You’re proposing we look at this as a racial justice struggle.

“My commitment is to freedom. My commitment is to freedom from patriarchy. My commitment is to freedom from racism. My commitment is to freedom from occupation and apartheid. As part of that I want to think about what does an anti-racist struggle do for the Palestinian cause? If we’re really committed to anti-racism, what does that do? Where does that align us?”

“So that we don’t just see, you know, an Ethiopian Jewish Israeli, murdered by Israeli police and react to that and say well, they’re settlers too. Okay, we got that, we know they’re settlers. But they’re not just settlers. They’re also stratified within a white supremacist project within Israel from which we, Palestinians, are excluded.”

“Part of what I think is one of our greatest challenges and afflictions right now is that we are so committed to holding the line, we are so committed to affirming the righteousness and justness of our struggle, and of ourselves as people, that it’s limited our capacity to think anew.”

You’re suggesting here that we completely upend the alliances and the narrative that we have told ourselves for some years.

“I don’t think it has to be a complete appending of it but I think that it could be more complicated. I think that we as Palestinians should be thinking about why Israel shouldn’t deport 12,000 African asylum seekers back to sure death. We should be the ones having that conversation and having a response to it. We, the ones who are struggling for the rights of refugees and for asylum and for safety and for future, should have something to say about this.”

“What is it that we can think about our condition that is not just about us as Palestinians, but that is emblematic of our struggle, of so many struggles in the world?

Israel seems to have understood early on just how malleable international law can be. Has the Palestinian leadership missed that? And do they even stand a chance in this front? 

“Can the Palestinians use the law effectively? Absolutely. But it means that they have to understand the politics, and I think that the Palestinian leadership at present has basically placed itself in a sovereignty trap. That trap makes their eligibility for independence contingent on the approval of the settler-sovereign who only responds to them by awarding them incremental autonomy. And so they’re stuck in a constant cycle of proving to the Israelis, we can police ourselves.”

“And all we have gotten in response to this to this kind of, you know, proving eligibility is less space, less respect and less prospect of ever being independent. We’ve put ourselves in this trap.”

Can Palestinians achieve self-determination without that, though? Without this goal of having a state? 

“Absolutely. Self-determination is not narrowly defined as having a state.”

“But the other question here that I thought you were actually going to ask me is, can Palestinian still effectively achieve a state? And then how is it that they use the law?”

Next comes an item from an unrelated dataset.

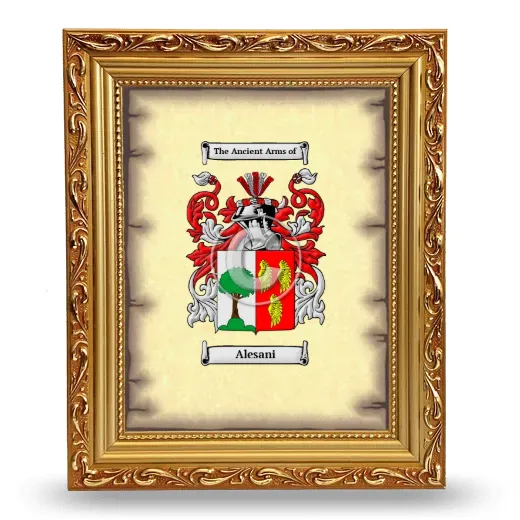 Alesani Coat of Arms Framed - Gold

“Number one, I don’t think a state is you know, even if that it is the aspiration right, if we just want to stay in the West Bank and Gaza, we must, we must, we must annul Oslo. Because it’s not the failure to abide by the peace process, it’s in fact the terms of Oslo that have enabled Israel to achieve as much as it has to the present.”

“Number two, we have to challenge the U.S. head-on, as a pillar in the geopolitical obstacle that the Palestinians face. They are not a third party. They are a party and part of the subjugation of Palestinians and they must be challenged head-on in order to recalibrate the balance of power.”

“And then number three is the idea that, even if you want statehood, you must pursue a decolonial struggle.”

“It’s not about whether or not [Jewish Israelis] get to stay, it’s about in what capacity do they stay. If they stay as masters, if they stay as, you know, what they claim as natives to the land, it’s impossible. It’s an incommensurability between their existence and ours. Which is why they describe Palestinian demography as an existential threat. I mean, they’re very explicit about this, right? So part of our decolonial project is to change that native-settler relationship.”